> **Assignment**: Every entry below should be printed again exactly as it reads.

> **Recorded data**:

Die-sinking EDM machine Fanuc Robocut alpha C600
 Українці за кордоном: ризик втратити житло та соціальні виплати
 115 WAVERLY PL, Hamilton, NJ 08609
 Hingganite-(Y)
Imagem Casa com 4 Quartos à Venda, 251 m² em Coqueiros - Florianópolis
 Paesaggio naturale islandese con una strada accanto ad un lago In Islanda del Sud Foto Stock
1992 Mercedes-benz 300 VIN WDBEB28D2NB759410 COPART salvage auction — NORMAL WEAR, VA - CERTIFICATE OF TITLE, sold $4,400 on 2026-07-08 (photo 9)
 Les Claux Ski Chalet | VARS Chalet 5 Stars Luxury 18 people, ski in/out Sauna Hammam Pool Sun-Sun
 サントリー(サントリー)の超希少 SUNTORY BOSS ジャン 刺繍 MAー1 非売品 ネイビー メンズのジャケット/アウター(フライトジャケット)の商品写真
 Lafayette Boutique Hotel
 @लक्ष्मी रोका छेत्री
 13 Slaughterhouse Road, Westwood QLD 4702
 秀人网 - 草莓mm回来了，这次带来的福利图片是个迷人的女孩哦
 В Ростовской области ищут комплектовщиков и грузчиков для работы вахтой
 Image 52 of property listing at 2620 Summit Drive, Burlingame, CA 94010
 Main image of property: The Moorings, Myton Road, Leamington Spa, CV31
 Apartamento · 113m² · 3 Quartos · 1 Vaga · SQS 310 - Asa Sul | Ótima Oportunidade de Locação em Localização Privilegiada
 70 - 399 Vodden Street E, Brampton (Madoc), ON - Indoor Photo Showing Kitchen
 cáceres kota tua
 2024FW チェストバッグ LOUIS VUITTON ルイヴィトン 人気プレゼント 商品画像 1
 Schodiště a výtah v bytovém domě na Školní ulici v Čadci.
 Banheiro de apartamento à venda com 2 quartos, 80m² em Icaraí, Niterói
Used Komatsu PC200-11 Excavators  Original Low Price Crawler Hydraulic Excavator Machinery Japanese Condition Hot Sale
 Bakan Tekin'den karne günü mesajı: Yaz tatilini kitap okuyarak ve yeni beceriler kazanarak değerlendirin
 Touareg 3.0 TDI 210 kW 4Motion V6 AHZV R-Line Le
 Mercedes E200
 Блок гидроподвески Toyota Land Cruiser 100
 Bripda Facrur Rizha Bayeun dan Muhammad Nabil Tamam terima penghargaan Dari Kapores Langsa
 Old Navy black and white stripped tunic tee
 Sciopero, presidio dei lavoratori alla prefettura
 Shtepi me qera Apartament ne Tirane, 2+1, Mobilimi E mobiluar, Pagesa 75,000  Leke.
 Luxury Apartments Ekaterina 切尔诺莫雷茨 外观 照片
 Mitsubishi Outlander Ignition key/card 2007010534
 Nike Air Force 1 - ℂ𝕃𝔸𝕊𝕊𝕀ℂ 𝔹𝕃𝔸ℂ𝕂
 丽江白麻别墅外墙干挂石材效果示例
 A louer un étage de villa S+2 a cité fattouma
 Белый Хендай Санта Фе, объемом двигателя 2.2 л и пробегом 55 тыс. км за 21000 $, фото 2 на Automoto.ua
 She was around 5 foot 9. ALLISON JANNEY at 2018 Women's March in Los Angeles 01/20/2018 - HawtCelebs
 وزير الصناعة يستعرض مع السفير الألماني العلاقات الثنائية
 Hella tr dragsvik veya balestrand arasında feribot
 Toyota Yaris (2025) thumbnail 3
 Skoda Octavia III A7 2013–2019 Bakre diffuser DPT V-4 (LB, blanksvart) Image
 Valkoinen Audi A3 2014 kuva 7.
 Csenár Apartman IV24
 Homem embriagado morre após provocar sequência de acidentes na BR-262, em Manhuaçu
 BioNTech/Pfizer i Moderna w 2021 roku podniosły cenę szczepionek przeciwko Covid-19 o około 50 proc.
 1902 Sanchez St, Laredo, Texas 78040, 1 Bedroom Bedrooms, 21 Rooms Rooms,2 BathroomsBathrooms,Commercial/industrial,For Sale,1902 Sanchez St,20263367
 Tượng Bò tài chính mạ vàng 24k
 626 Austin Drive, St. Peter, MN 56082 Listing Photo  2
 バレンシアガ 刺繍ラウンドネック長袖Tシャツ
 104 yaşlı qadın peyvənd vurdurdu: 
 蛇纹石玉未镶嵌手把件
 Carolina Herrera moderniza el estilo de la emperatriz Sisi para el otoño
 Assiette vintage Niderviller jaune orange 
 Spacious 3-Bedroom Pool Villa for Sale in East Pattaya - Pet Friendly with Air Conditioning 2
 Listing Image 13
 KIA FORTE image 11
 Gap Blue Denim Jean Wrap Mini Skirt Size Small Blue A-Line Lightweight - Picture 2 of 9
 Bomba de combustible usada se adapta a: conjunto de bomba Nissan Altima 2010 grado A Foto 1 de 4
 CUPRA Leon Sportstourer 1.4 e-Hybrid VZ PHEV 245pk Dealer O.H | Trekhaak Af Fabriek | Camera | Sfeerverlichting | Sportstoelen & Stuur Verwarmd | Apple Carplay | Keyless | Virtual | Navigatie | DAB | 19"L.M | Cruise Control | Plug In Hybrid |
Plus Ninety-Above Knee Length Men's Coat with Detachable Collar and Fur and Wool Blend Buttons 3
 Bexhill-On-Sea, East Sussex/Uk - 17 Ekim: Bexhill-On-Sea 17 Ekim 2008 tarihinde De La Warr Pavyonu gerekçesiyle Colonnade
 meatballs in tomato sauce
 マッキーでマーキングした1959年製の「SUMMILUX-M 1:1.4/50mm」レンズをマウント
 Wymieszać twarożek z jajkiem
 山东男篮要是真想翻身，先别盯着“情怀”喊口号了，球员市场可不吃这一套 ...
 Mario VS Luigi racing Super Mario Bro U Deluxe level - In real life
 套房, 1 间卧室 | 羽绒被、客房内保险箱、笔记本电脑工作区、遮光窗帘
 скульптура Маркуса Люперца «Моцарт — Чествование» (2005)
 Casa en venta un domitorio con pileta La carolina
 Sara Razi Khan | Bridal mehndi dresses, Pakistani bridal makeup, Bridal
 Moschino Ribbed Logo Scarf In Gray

> **Exercise answer**:
Die-sinking EDM machine Fanuc Robocut alpha C600
 Українці за кордоном: ризик втратити житло та соціальні виплати
 115 WAVERLY PL, Hamilton, NJ 08609
 Hingganite-(Y)
Imagem Casa com 4 Quartos à Venda, 251 m² em Coqueiros - Florianópolis
 Paesaggio naturale islandese con una strada accanto ad un lago In Islanda del Sud Foto Stock
1992 Mercedes-benz 300 VIN WDBEB28D2NB759410 COPART salvage auction — NORMAL WEAR, VA - CERTIFICATE OF TITLE, sold $4,400 on 2026-07-08 (photo 9)
 Les Claux Ski Chalet | VARS Chalet 5 Stars Luxury 18 people, ski in/out Sauna Hammam Pool Sun-Sun
 サントリー(サントリー)の超希少 SUNTORY BOSS ジャン 刺繍 MAー1 非売品 ネイビー メンズのジャケット/アウター(フライトジャケット)の商品写真
 Lafayette Boutique Hotel
 @लक्ष्मी रोका छेत्री
 13 Slaughterhouse Road, Westwood QLD 4702
 秀人网 - 草莓mm回来了，这次带来的福利图片是个迷人的女孩哦
 В Ростовской области ищут комплектовщиков и грузчиков для работы вахтой
 Image 52 of property listing at 2620 Summit Drive, Burlingame, CA 94010
 Main image of property: The Moorings, Myton Road, Leamington Spa, CV31
 Apartamento · 113m² · 3 Quartos · 1 Vaga · SQS 310 - Asa Sul | Ótima Oportunidade de Locação em Localização Privilegiada
 70 - 399 Vodden Street E, Brampton (Madoc), ON - Indoor Photo Showing Kitchen
 cáceres kota tua
 2024FW チェストバッグ LOUIS VUITTON ルイヴィトン 人気プレゼント 商品画像 1
 Schodiště a výtah v bytovém domě na Školní ulici v Čadci.
 Banheiro de apartamento à venda com 2 quartos, 80m² em Icaraí, Niterói
Used Komatsu PC200-11 Excavators  Original Low Price Crawler Hydraulic Excavator Machinery Japanese Condition Hot Sale
 Bakan Tekin'den karne günü mesajı: Yaz tatilini kitap okuyarak ve yeni beceriler kazanarak değerlendirin
 Touareg 3.0 TDI 210 kW 4Motion V6 AHZV R-Line Le
 Mercedes E200
 Блок гидроподвески Toyota Land Cruiser 100
 Bripda Facrur Rizha Bayeun dan Muhammad Nabil Tamam terima penghargaan Dari Kapores Langsa
 Old Navy black and white stripped tunic tee
 Sciopero, presidio dei lavoratori alla prefettura
 Shtepi me qera Apartament ne Tirane, 2+1, Mobilimi E mobiluar, Pagesa 75,000  Leke.
 Luxury Apartments Ekaterina 切尔诺莫雷茨 外观 照片
 Mitsubishi Outlander Ignition key/card 2007010534
 Nike Air Force 1 - ℂ𝕃𝔸𝕊𝕊𝕀ℂ 𝔹𝕃𝔸ℂ𝕂
 丽江白麻别墅外墙干挂石材效果示例
 A louer un étage de villa S+2 a cité fattouma
 Белый Хендай Санта Фе, объемом двигателя 2.2 л и пробегом 55 тыс. км за 21000 $, фото 2 на Automoto.ua
 She was around 5 foot 9. ALLISON JANNEY at 2018 Women's March in Los Angeles 01/20/2018 - HawtCelebs
 وزير الصناعة يستعرض مع السفير الألماني العلاقات الثنائية
 Hella tr dragsvik veya balestrand arasında feribot
 Toyota Yaris (2025) thumbnail 3
 Skoda Octavia III A7 2013–2019 Bakre diffuser DPT V-4 (LB, blanksvart) Image
 Valkoinen Audi A3 2014 kuva 7.
 Csenár Apartman IV24
 Homem embriagado morre após provocar sequência de acidentes na BR-262, em Manhuaçu
 BioNTech/Pfizer i Moderna w 2021 roku podniosły cenę szczepionek przeciwko Covid-19 o około 50 proc.
 1902 Sanchez St, Laredo, Texas 78040, 1 Bedroom Bedrooms, 21 Rooms Rooms,2 BathroomsBathrooms,Commercial/industrial,For Sale,1902 Sanchez St,20263367
 Tượng Bò tài chính mạ vàng 24k
 626 Austin Drive, St. Peter, MN 56082 Listing Photo  2
 バレンシアガ 刺繍ラウンドネック長袖Tシャツ
 104 yaşlı qadın peyvənd vurdurdu: 
 蛇纹石玉未镶嵌手把件
 Carolina Herrera moderniza el estilo de la emperatriz Sisi para el otoño
 Assiette vintage Niderviller jaune orange 
 Spacious 3-Bedroom Pool Villa for Sale in East Pattaya - Pet Friendly with Air Conditioning 2
 Listing Image 13
 KIA FORTE image 11
 Gap Blue Denim Jean Wrap Mini Skirt Size Small Blue A-Line Lightweight - Picture 2 of 9
 Bomba de combustible usada se adapta a: conjunto de bomba Nissan Altima 2010 grado A Foto 1 de 4
 CUPRA Leon Sportstourer 1.4 e-Hybrid VZ PHEV 245pk Dealer O.H | Trekhaak Af Fabriek | Camera | Sfeerverlichting | Sportstoelen & Stuur Verwarmd | Apple Carplay | Keyless | Virtual | Navigatie | DAB | 19"L.M | Cruise Control | Plug In Hybrid |
Plus Ninety-Above Knee Length Men's Coat with Detachable Collar and Fur and Wool Blend Buttons 3
 Bexhill-On-Sea, East Sussex/Uk - 17 Ekim: Bexhill-On-Sea 17 Ekim 2008 tarihinde De La Warr Pavyonu gerekçesiyle Colonnade
 meatballs in tomato sauce
 マッキーでマーキングした1959年製の「SUMMILUX-M 1:1.4/50mm」レンズをマウント
 Wymieszać twarożek z jajkiem
 山东男篮要是真想翻身，先别盯着“情怀”喊口号了，球员市场可不吃这一套 ...
 Mario VS Luigi racing Super Mario Bro U Deluxe level - In real life
 套房, 1 间卧室 | 羽绒被、客房内保险箱、笔记本电脑工作区、遮光窗帘
 скульптура Маркуса Люперца «Моцарт — Чествование» (2005)
 Casa en venta un domitorio con pileta La carolina
 Sara Razi Khan | Bridal mehndi dresses, Pakistani bridal makeup, Bridal
 Moschino Ribbed Logo Scarf In Gray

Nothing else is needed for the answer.